Input records:

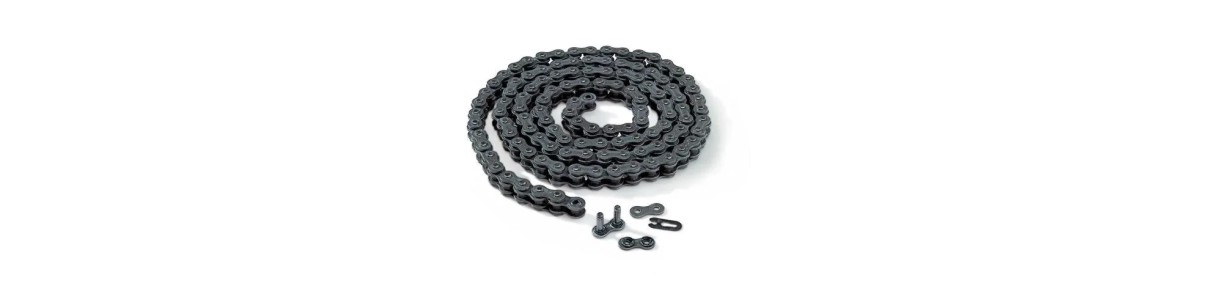 Chain kits for motocross, enduro and trials GAS GAS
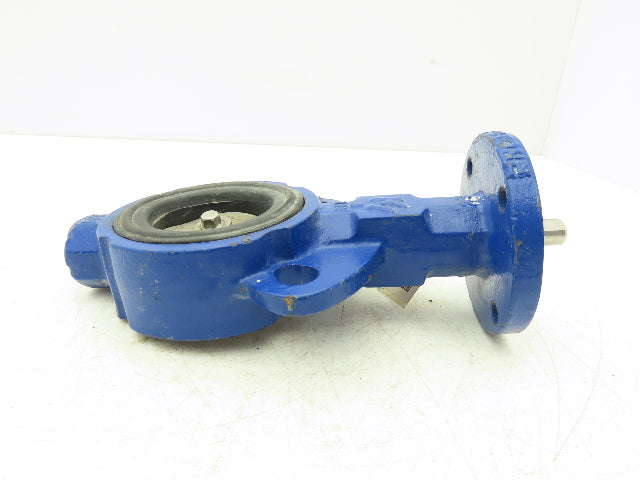 Keystone B05-703-025-AR1-500 2-1/2" Butterfly Valve Wafer Style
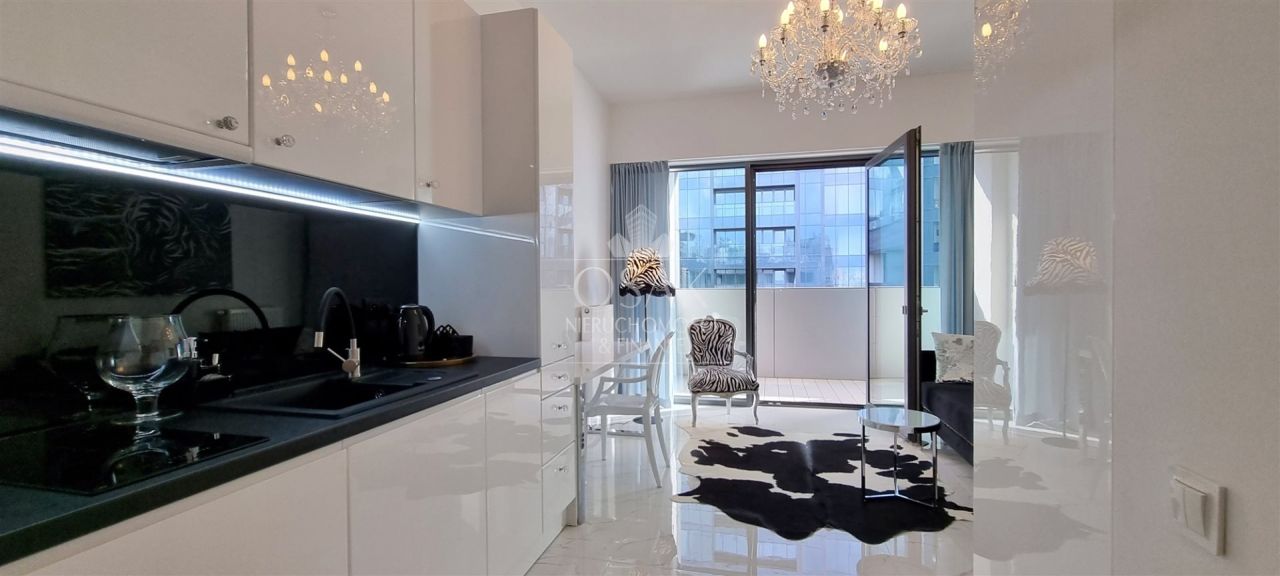 Mieszkanie 1-pokojowe Szczecin Centrum. Zdjęcie 5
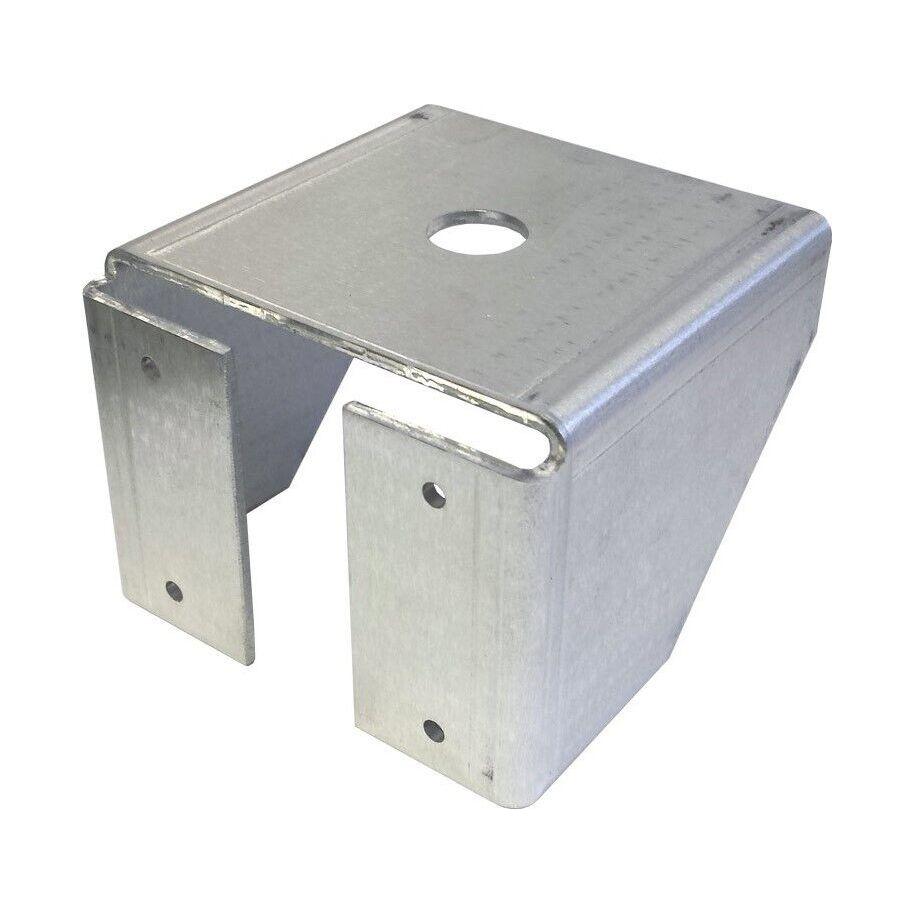 Pro Trucker PTTBM-AL 3/4 Inch Hole Aluminum Truck Box Mount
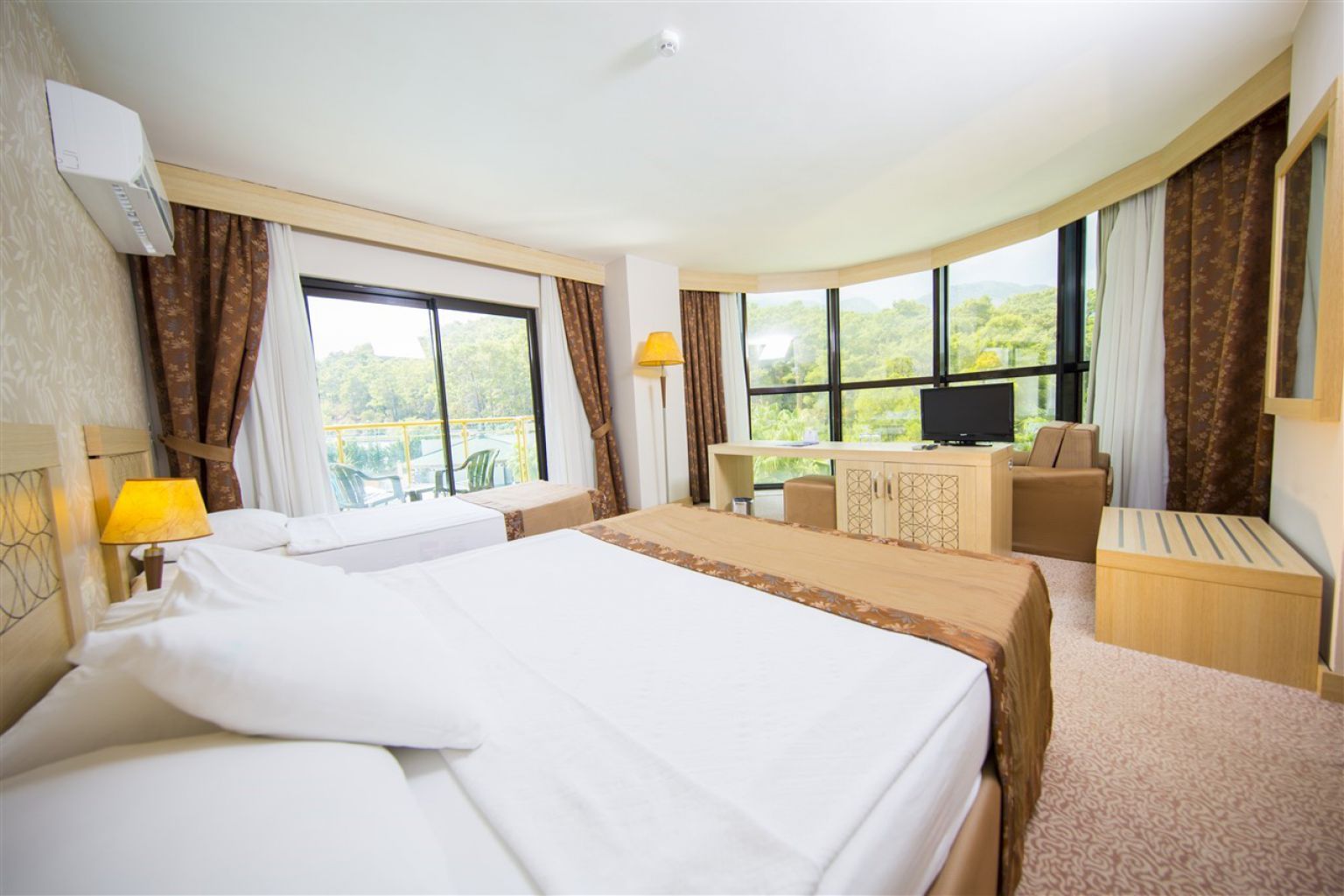 Seaden Sea Planet Resort & Spa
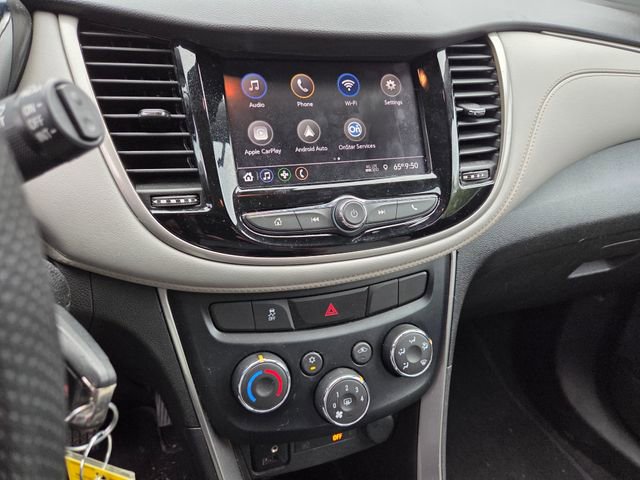 Used 2020 Chevrolet Trax LS w/ Tint and Cruise Package FWD image 12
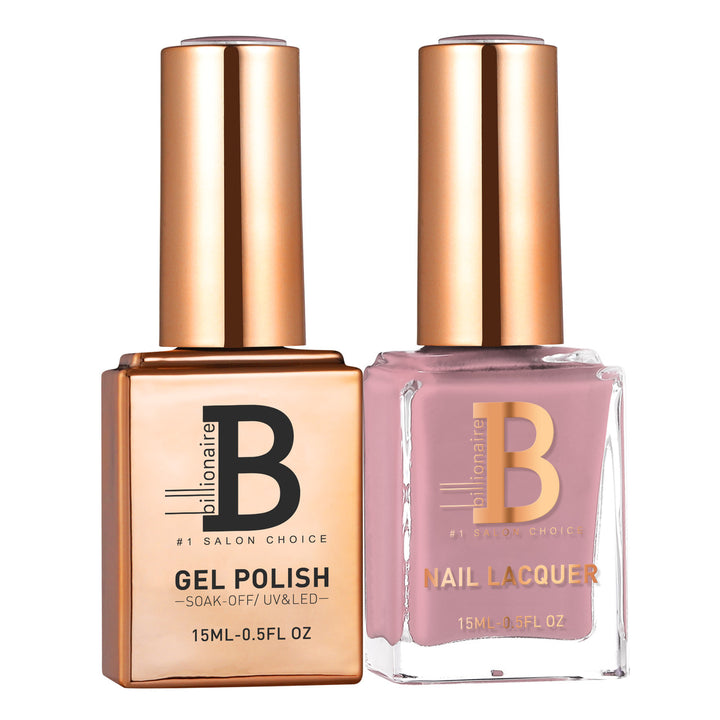 Billionaire Gel &amp; Lacquer Duo 164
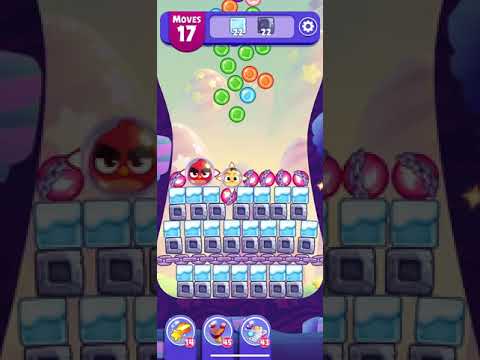 Angry Birds Dream Blast Level 579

Problem description: Please reproduce the lines exactly from the one containing "Seaden Sea Planet Resort & Spa" through the last line of the data above, and keep the pictures out.

Answer to this task:
 Seaden Sea Planet Resort & Spa
 Used 2020 Chevrolet Trax LS w/ Tint and Cruise Package FWD image 12
 Billionaire Gel &amp; Lacquer Duo 164
 Angry Birds Dream Blast Level 579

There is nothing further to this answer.